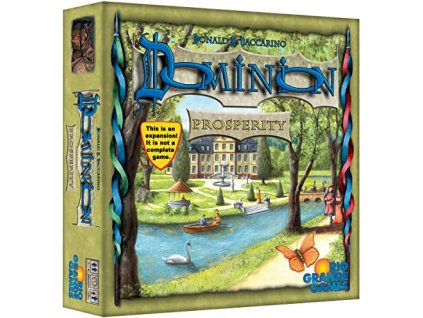 Rio Grande Games - Dominion: Prosperity - EN
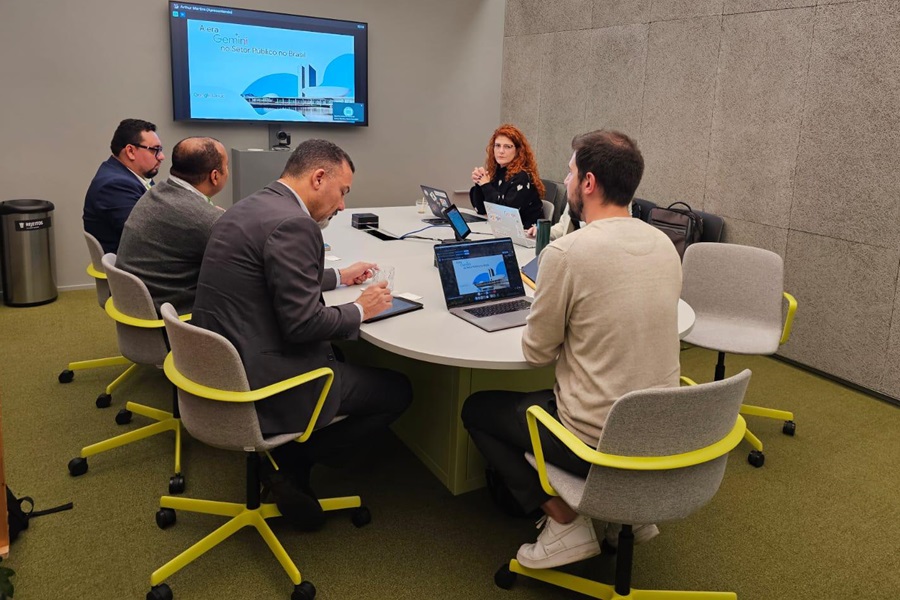Governo do Amapá e Google Cloud assinam acordo para explorar possibilidades de tecnologia e recursos digitais no estado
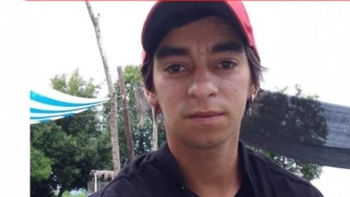 Continúa la búsqueda del pescador Matías Vallejo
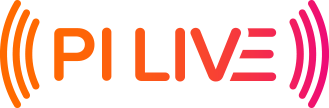 PI Live logo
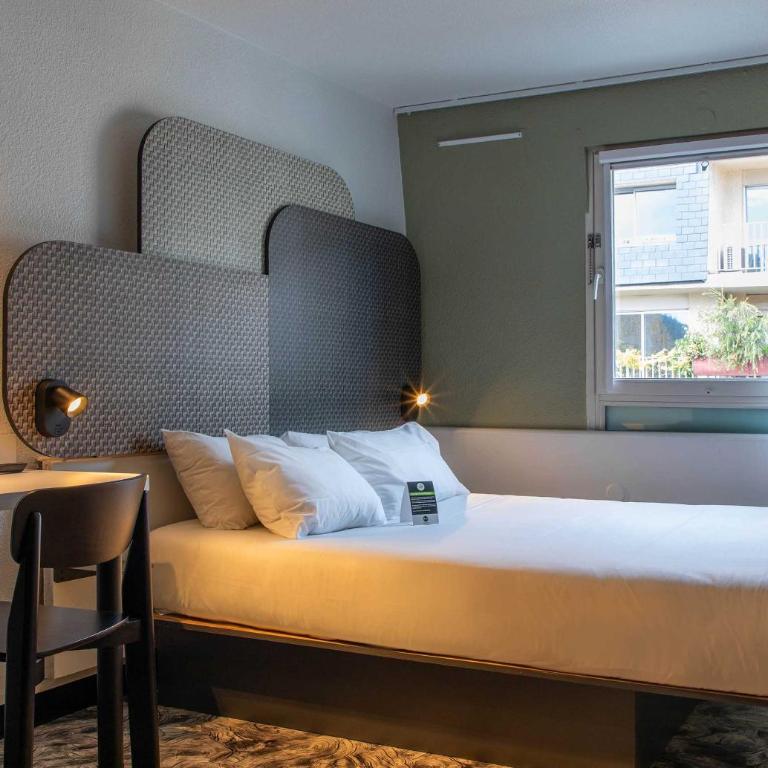 B&B HOTEL Lourdes Centre Gare 3 étoiles - Chambre Double - 2
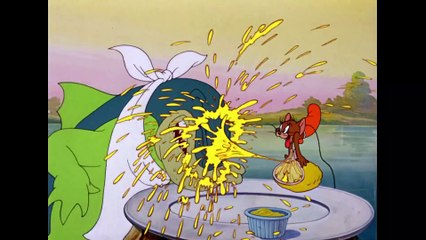 Tom  and Jerry  A Little Mischief Never Hurt Nobody  Classic Cartoon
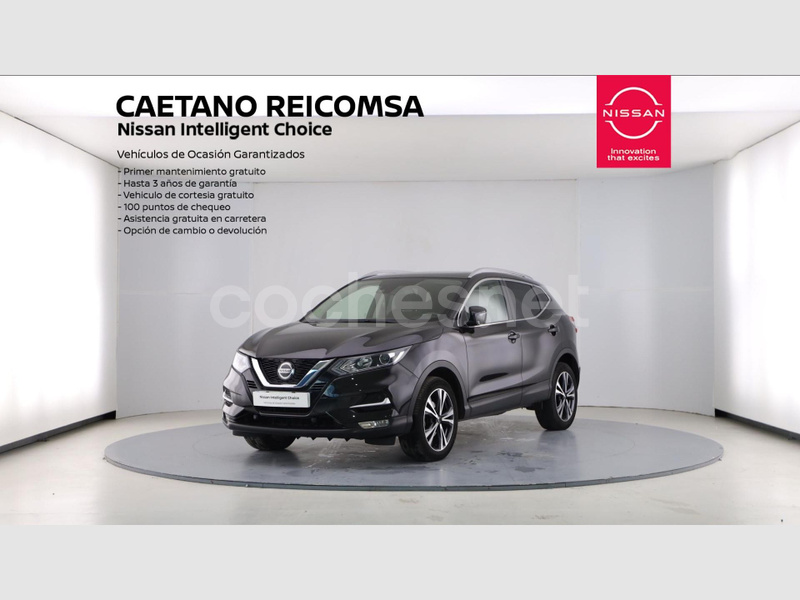 NISSAN QASHQAI DIGT 140 CV E6D NCONNECTA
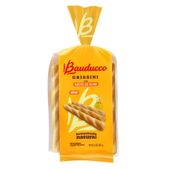 Caixa Bauducco Grissini Azeite Oliva 150g 16 und.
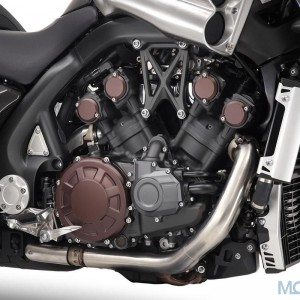 Yamaha VMax Carbon Special Edition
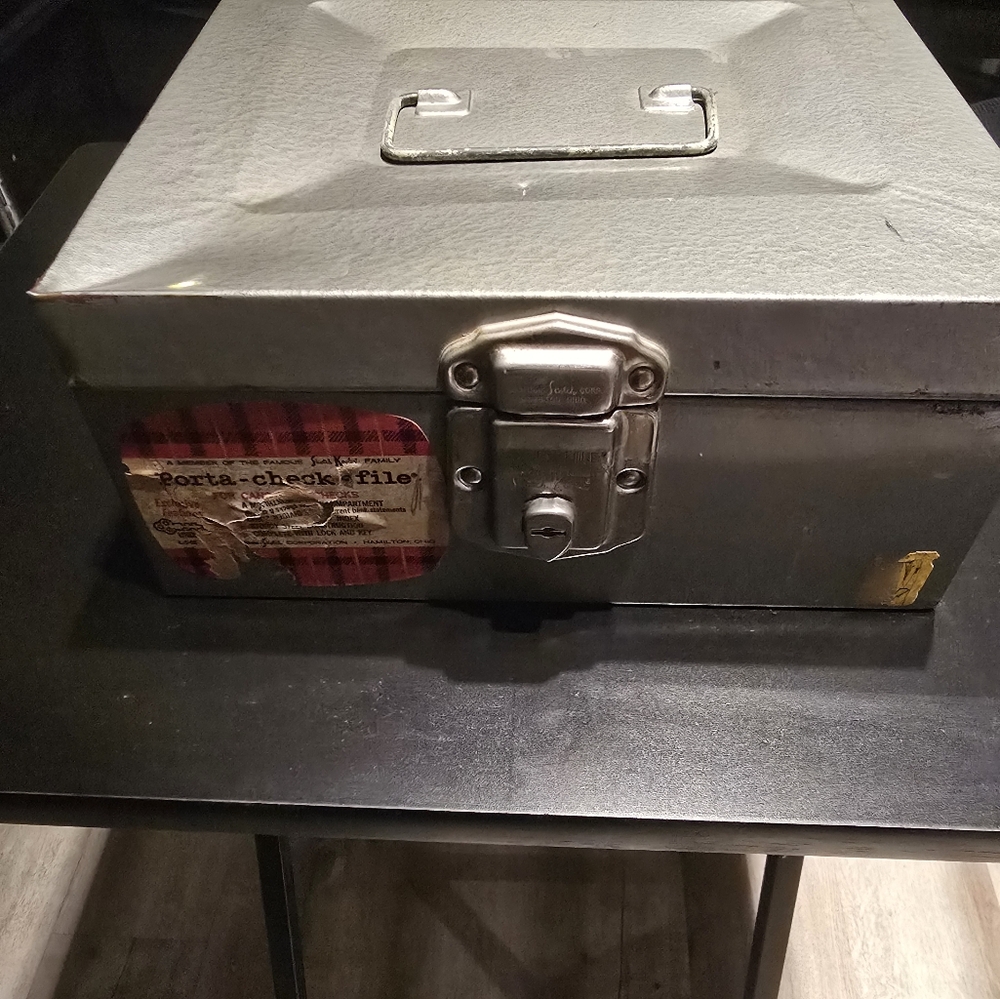 Porta-Check-File - Picture 2 of 4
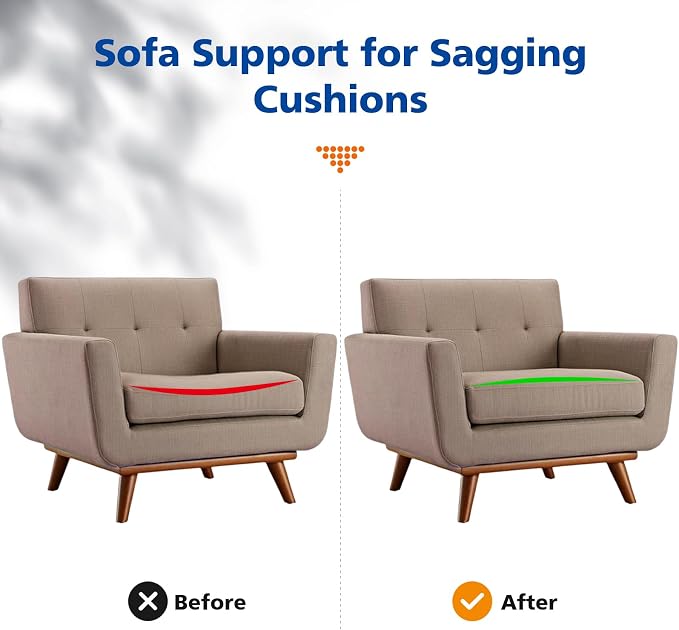 RA RUNNING ALIEN Couch Cushions Support - Image 5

▬▬▬▬▬▬

The copy you return must match the records above exactly, minus any images.

 Rio Grande Games - Dominion: Prosperity - EN
Governo do Amapá e Google Cloud assinam acordo para explorar possibilidades de tecnologia e recursos digitais no estado
 Continúa la búsqueda del pescador Matías Vallejo
 PI Live logo
 B&B HOTEL Lourdes Centre Gare 3 étoiles - Chambre Double - 2
 Tom  and Jerry  A Little Mischief Never Hurt Nobody  Classic Cartoon
 NISSAN QASHQAI DIGT 140 CV E6D NCONNECTA
 Caixa Bauducco Grissini Azeite Oliva 150g 16 und.
 Yamaha VMax Carbon Special Edition
 Porta-Check-File - Picture 2 of 4
 RA RUNNING ALIEN Couch Cushions Support - Image 5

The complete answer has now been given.